Financial uncertainty, disrupted working arrangements, and health concerns are creating stress within workforces and impacting the future of organisations globally. In these times of economic uncertainty close monitoring of cash balances and managing cash flows becomes even more critical.
In our report to parliament Local government entities: 2017–18 results of financial audits (Report 18: 2018–19), we discussed the importance of the cash expense cover ratio. This ratio compares a council’s unrestricted cash balance with its total payments for operating and financing activities. It represents the number of months the council can continue operating based on current monthly expenses, without revenue inflows.
Better practice suggests a forecast cash expense cover ratio of greater than three months is adequate when operating under business‑as‑usual conditions, to act as a buffer for unexpected contingencies. But current circumstances are far from business as usual. For many councils, COVID‑19 may result in a loss of revenue from key sources while incurring unplanned spending in response to community needs. This may have a significant impact on councils’ cash flows and cash reserves.
During these unprecedented times, councils will need to make informed financial decisions. We encourage councils to:
- understand cash flows and their overall cash position, including their cash expense cover ratio, to maintain adequate cash reserves
- review costs to separate core/fixed costs from variable/discretionary spending, and identify savings or costs that they can defer
- perform short-term cash flow forecasts and use financial modelling to make informed decisions. They should frequently revisit cash flow forecasts to reflect changing circumstances
- consider adjusting service levels to manage costs. Our recent report Managing the sustainability of local government services (Report 2: 2019–20) highlights why this is important. We also have a simple cost value tool to help councils prioritise their actions
- revisit the timing of capital projects and reprioritise where necessary. Forecast the impact on short- and medium-term cash flows of bringing forward, or pushing back, major new works and asset replacements. There will be pros and cons of each approach
- model the impact of the various types of support/relief packages they are considering for their communities on their budgets. Councils should consider the longer‑term impacts of these measures, in particular rate freezes or payment relaxation measures
- identify and consider challenges and risks to rapid implementation of any community support packages they are offering
- ensure they regularly update councillors, executive leaders and audit committees as changing circumstances impact cash and budget positioning
- understand how their council-controlled entities are managing their cash flows. Each council should ensure it has appropriate oversight of their activities.

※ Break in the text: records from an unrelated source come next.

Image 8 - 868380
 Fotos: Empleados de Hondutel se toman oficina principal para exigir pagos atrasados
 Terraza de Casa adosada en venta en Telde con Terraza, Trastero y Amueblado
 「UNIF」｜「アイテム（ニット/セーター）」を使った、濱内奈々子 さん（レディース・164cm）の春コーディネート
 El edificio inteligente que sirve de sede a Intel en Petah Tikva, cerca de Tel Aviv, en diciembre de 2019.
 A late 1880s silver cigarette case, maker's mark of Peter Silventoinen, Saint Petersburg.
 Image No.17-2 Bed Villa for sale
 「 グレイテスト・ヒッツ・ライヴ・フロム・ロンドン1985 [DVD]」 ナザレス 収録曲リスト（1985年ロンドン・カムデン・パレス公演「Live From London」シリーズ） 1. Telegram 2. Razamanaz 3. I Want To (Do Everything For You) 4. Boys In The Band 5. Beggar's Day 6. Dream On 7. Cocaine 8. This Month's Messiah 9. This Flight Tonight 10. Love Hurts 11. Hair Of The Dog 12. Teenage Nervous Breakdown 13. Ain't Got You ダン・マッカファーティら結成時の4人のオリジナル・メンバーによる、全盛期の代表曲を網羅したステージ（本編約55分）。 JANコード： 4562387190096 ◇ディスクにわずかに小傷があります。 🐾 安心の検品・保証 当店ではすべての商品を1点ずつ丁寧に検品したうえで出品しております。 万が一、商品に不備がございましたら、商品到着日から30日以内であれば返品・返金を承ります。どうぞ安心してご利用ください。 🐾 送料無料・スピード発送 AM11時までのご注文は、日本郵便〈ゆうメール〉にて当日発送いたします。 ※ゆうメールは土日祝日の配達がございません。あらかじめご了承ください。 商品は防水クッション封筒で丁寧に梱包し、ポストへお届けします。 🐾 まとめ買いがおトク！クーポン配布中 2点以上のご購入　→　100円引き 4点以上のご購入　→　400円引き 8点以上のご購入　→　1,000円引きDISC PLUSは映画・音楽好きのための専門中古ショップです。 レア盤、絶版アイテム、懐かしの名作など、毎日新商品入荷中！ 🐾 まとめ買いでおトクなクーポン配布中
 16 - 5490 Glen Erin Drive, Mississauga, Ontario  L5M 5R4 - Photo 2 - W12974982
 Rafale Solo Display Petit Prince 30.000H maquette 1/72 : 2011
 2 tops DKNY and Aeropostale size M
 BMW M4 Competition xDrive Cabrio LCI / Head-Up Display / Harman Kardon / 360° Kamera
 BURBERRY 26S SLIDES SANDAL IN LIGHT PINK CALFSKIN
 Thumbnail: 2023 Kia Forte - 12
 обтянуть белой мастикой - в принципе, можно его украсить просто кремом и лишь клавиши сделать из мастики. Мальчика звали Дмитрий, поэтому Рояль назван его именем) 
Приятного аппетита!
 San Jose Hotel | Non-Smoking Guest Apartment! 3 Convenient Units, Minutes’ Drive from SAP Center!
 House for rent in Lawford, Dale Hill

If skills are not readily available in-house, seek help. There are multiple avenues that councils can consult and obtain advice and tools from: Queensland Treasury Corporation; the Department of Local Government, Racing and Multicultural Affairs; Queensland Audit Office; and their internal auditors.
The financial impact of COVID-19 will last beyond the 2020 financial year. While understanding the short-term impacts is important, councils will also need to understand how the loss in revenue and any support packages offered to communities impact their long-term sustainability and their going concern assumptions for the remainder of the 2020 financial year and the 2021 budget.